Mulheres depois dos Setenta (anos da República Popular da China)

[dropcap]Q[/dropcap]ual o estado da igualdade de género na República Popular da China, depois de setenta anos? A revolução tirou as mulheres da cozinha e pô-las a carregar a bandeira do proletariado, longe do patriarcado feudal. Ainda há pouco tempo foi divulgado o white papers onde discutiam o desenvolvimento notável da expressão e participação das mulheres no domínio laboral e público, para além de melhores condições de vida. Os números mostram que tudo está a melhorar.

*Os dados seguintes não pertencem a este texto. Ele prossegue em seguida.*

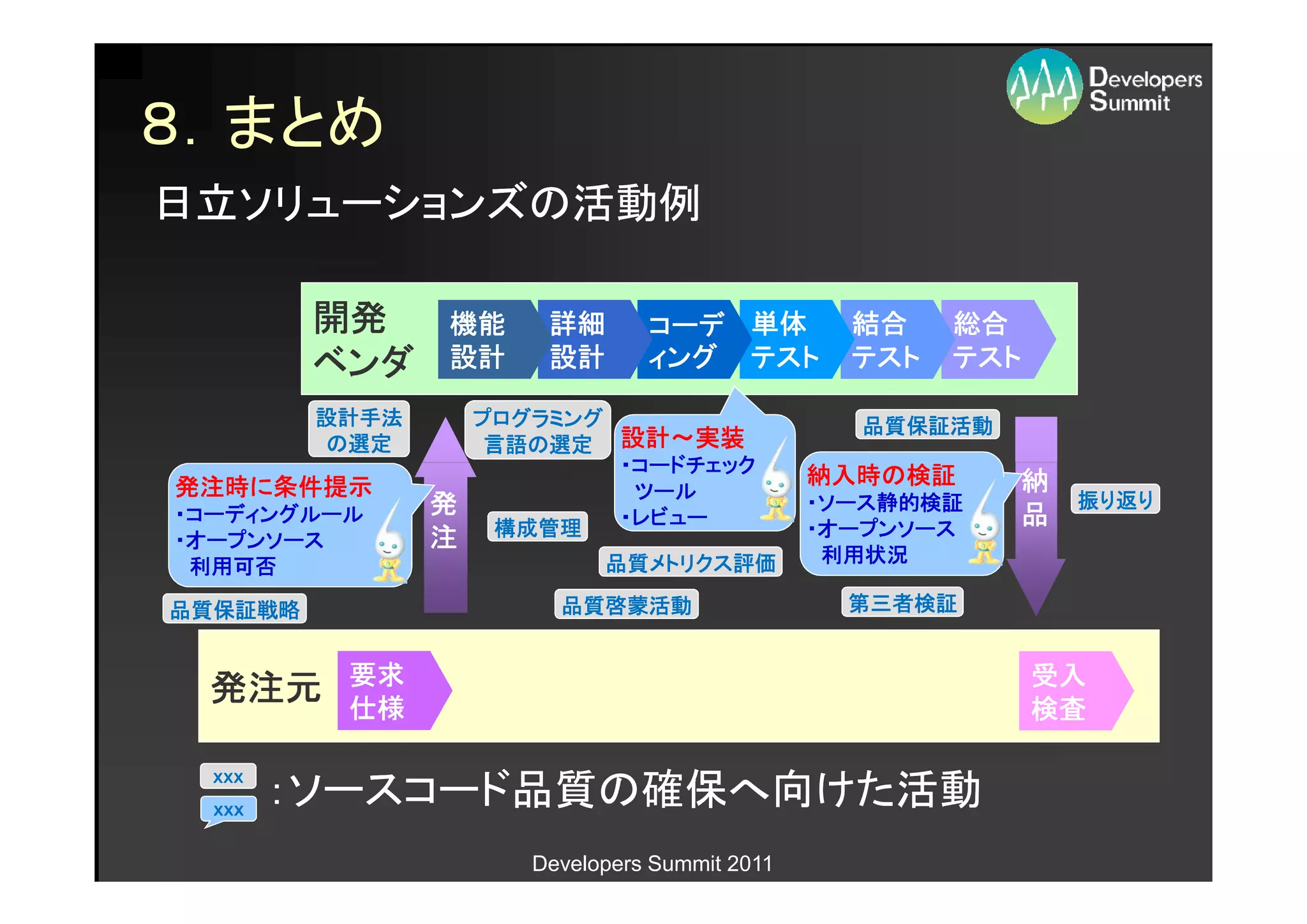 ８．まとめ
日立ソリューションズの活動例

         開発     機能      詳細       コーデ 単体           結合    総合
         ベンダ    設計      設計       ィング テスト          テスト   テスト

         設計手法       プログラミング                       品質保証活動
         の選定         言語の    設計～
                     言語の選定 設計～実装
                            ・コードチェック            納入時の検証
発注時に
発注時に条件提示                                        納入時の       納
                             ツール                               振 り返 り
・コーディングルール      発           ・レビュー
                                                ・ソース静的検証
                                                ・ソース静的検証
                                                           品
                     構成管理                       ・オープンソース
・オープンソース        注
                             品質メトリクス評価
                             品質メトリクス評価
                               メトリクス             利用状況
 利用可否

品質保証戦略                   品質啓蒙活動                   第三者検証


          要求                                                  受入
 発注元      仕様                                                  検査

  xxx
  xxx
        ：ソースコード品質の確保へ向けた活動
                       Developers Summit 2011
 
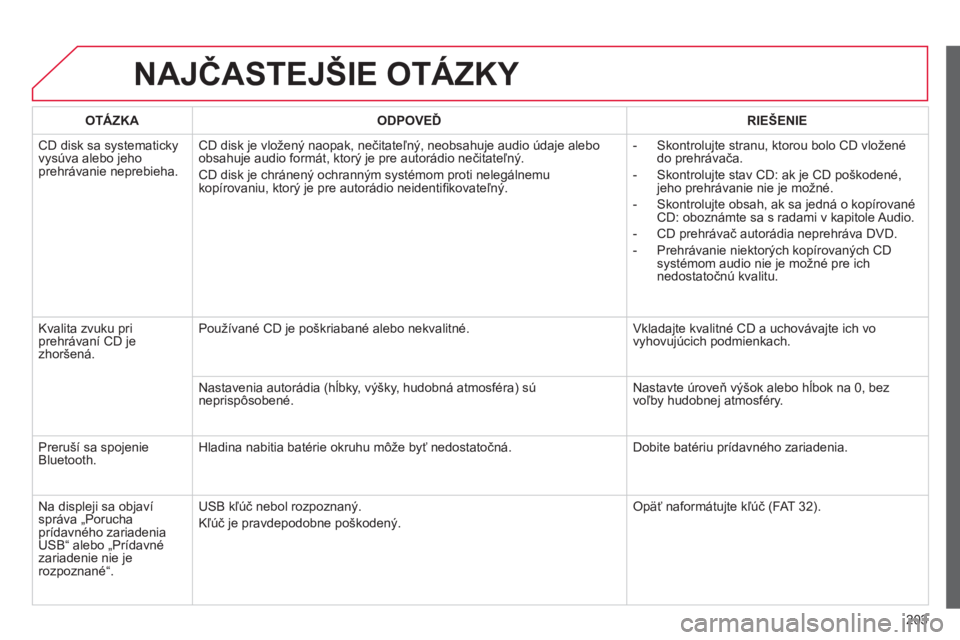 CITROEN C-ELYSÉE 2014  Návod na použitie (in Slovak) 203
NAJČASTEJŠIE OTÁZKY 
OTÁZKAODPOVEĎRIE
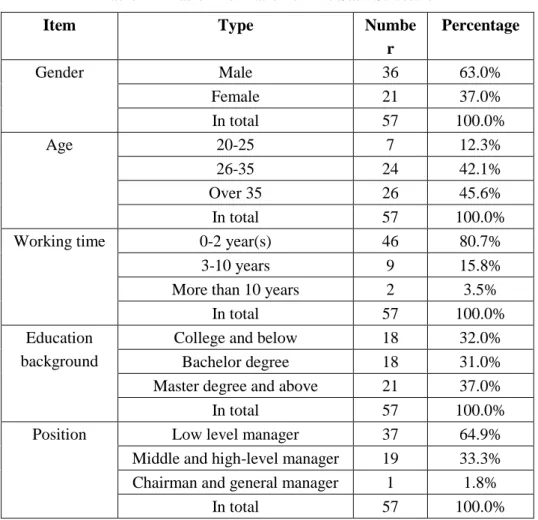 Table 4-1 Basic Information of The Staff Structure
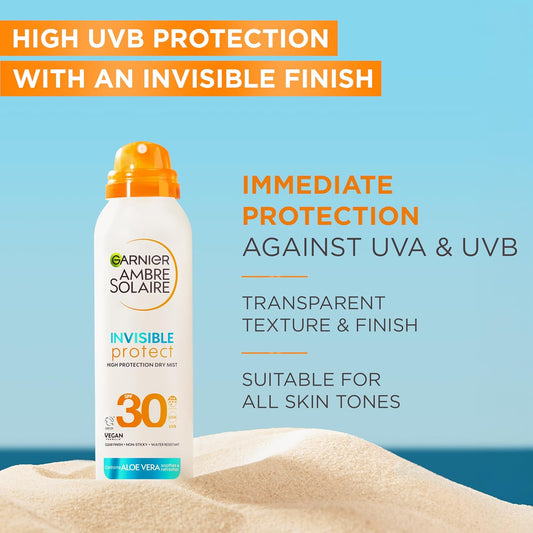 Sun‑Ready Confidence with Garnier’s Invisible Protect Mist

Mas nestes setenta anos o regime também tem assistido a algum descontentamento popular porque as medidas pela igualdade de género parecem precisar de uma actualização. Desde o movimento do coelho de arroz (que em mandarim se lê ‘mi tu’) para denunciar a normalização do assédio sexual em vários contextos, às feministas que foram presas por distribuir autocolantes a incentivar denúncias de assédio, à divulgação do problema sério que é violência doméstica (que só em 2015 viu leis a serem postas em prática), à pressão para rejuvenescer a população, contribuindo com dois filhos, que muitas não querem participar – em geral a situação não vai assim tão bem. O regime parece estar melindrado com a imposição de valores ocidentais hostis (mi tu = metoo) e assim evita discutir que igualdade de género é, afinal, esta. A preocupação com o envelhecimento da população e a queda da política do filho único em 2015, já levou o actual Presidente a insinuar que as mulheres devem voltar a dedicar-se a cuidar dos mais novos e dos mais velhos. A política do filho único que, de alguma forma, contribuiu para o investimento nas meninas (aos que, desgostosamente, não tinham um filho) fê-las mais letradas, e mais competitivas no mundo do trabalho. Só que agora parece que a mensagem é: ‘Já chega, já podes voltar a ser a mãe de família’. As universidades estão com tantos homens como mulheres só que a igualdade fica por ali. No mundo do trabalho a primazia do homem é evidente, que, aliás, sempre foi, com a quantidade de abortos e infanticídios ditados pela preferência que a criança tivesse um pénis em vez de uma vulva. E como uma socióloga referiu numa reportagem feita à Aljazeera sobre o tema, com o comunismo as mulheres podem ter saído da cozinha, mas os homens não entraram lá.

Já para não falar que a conversa, por este lado do mundo, continua binária e heterossexual (sempre com a feliz excepção de Taiwan). Os direitos LGBTQ+, que nem fizeram parte dos objectivos originais da revolução, precisam de ser incluídos depois de setenta anos a serem quase ignorados. Estes vêm acoplados com as preocupações de igualdade de género populares. Muitas activistas da área dizem ter esperança porque a contestação existe: nas redes sociais e em formas mais subtis do que manifestações públicas de reinvindicação. A visão exterior até pode ser de que a tradição está acima de tudo, mas na prática vemos uma flexibilidade não declarada, formas criativas de expressão de identidades de género e sexuais e até famílias (poucas) que aceitam a saída do armário sem grandes dramas – flexibilidade essa que esperamos um dia ver oficializada com políticas mais inclusivas, garantido mais direitos aos chineses que durante estes setenta anos se sentiram nas franjas do protagonismo nacional.

Vivem-se tempos curiosos para esta China globalizada que se mantém fiel à recusa dos valores tidos como ocidentais. Uma China septuagenária que diz que defende e preza a vontade das suas pessoas. Feliz aniversário pelos seus setenta anos de existência.